DATA SEGMENT |
Start of Block
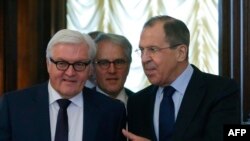  Sergei Lavrov və Frank-Walter Steinmeier 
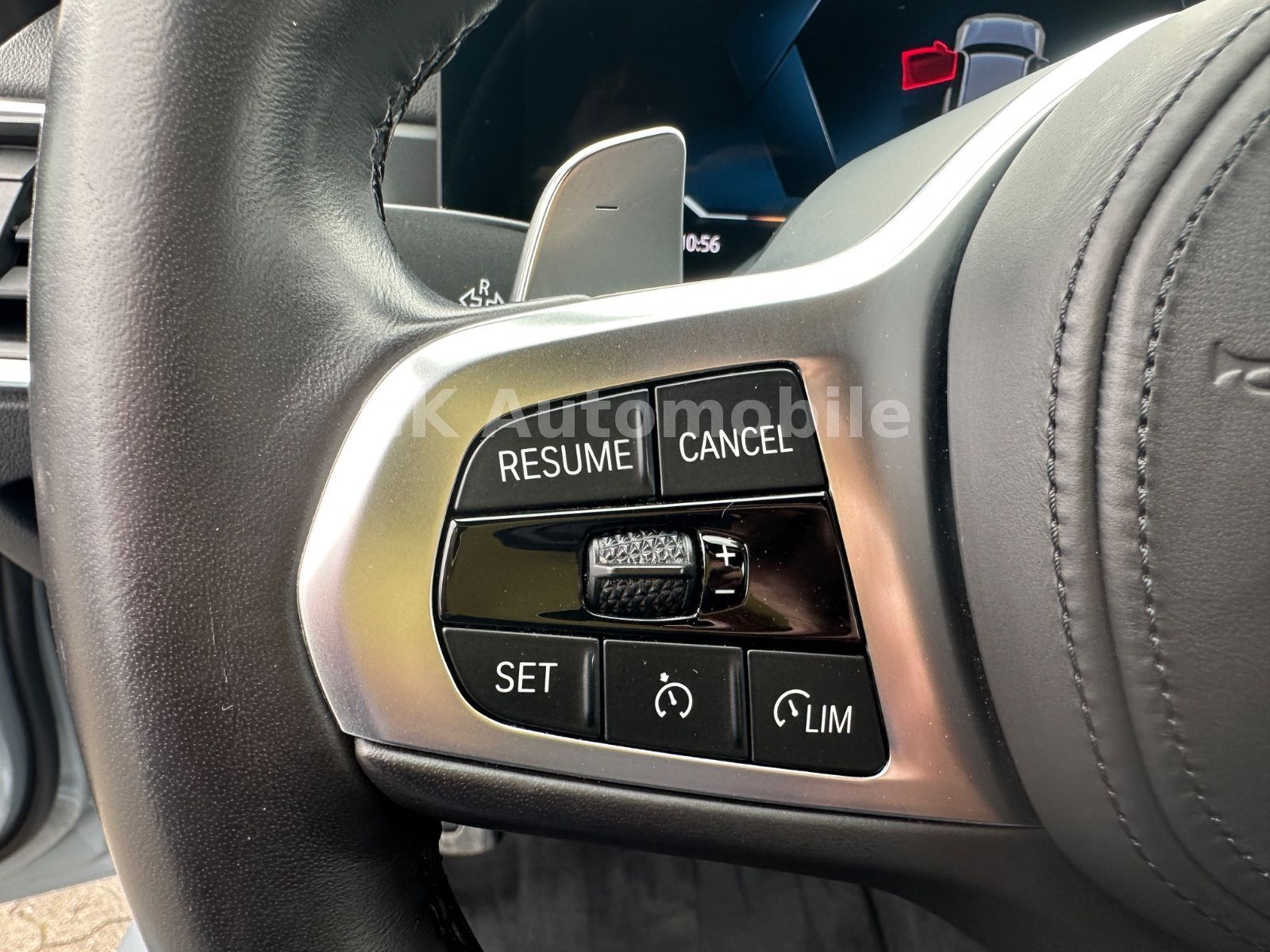 Fahrzeugabbildung BMW 320 d Touring M Sport/Navi/HeadUp/Kamera/LED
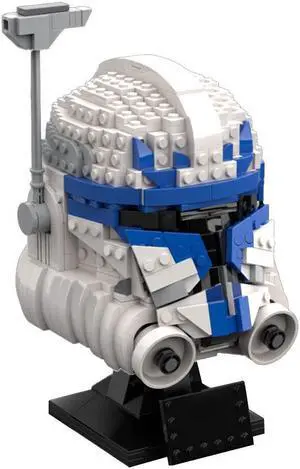 ZITIANYOUBUILD Captain's Helmet Bust Model 891 Pieces Building Toys Set Building Set MOC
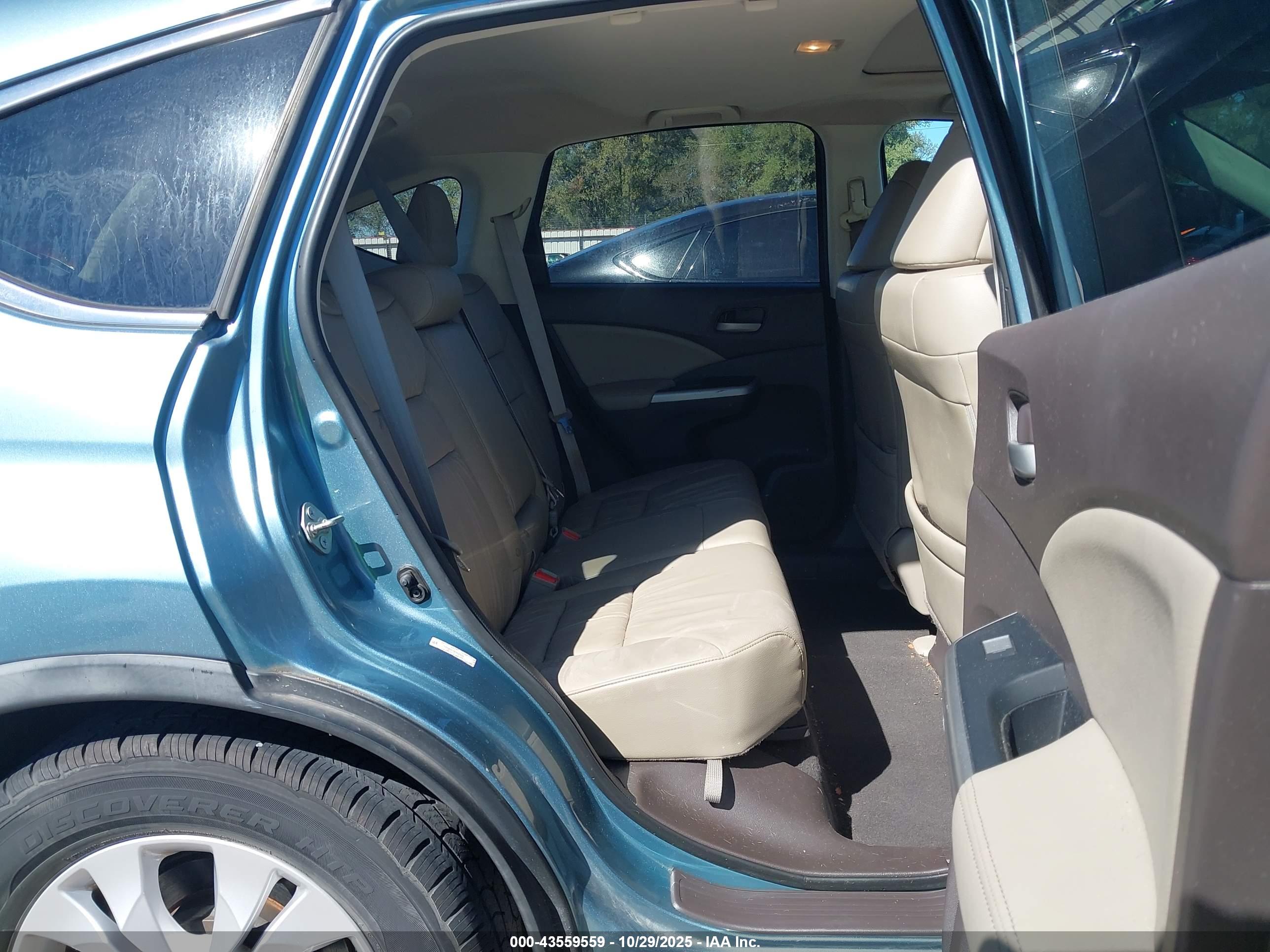 HONDA CR-V image 8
End of Block
WHAT YOU ARE ASKED TO DO | Pictures aside, reproduce exactly the lines from the one containing "Fahrzeugabbildung BMW 320" to the end of the listing above, both ends included.

RESULT |
 Fahrzeugabbildung BMW 320 d Touring M Sport/Navi/HeadUp/Kamera/LED
 ZITIANYOUBUILD Captain's Helmet Bust Model 891 Pieces Building Toys Set Building Set MOC
 HONDA CR-V image 8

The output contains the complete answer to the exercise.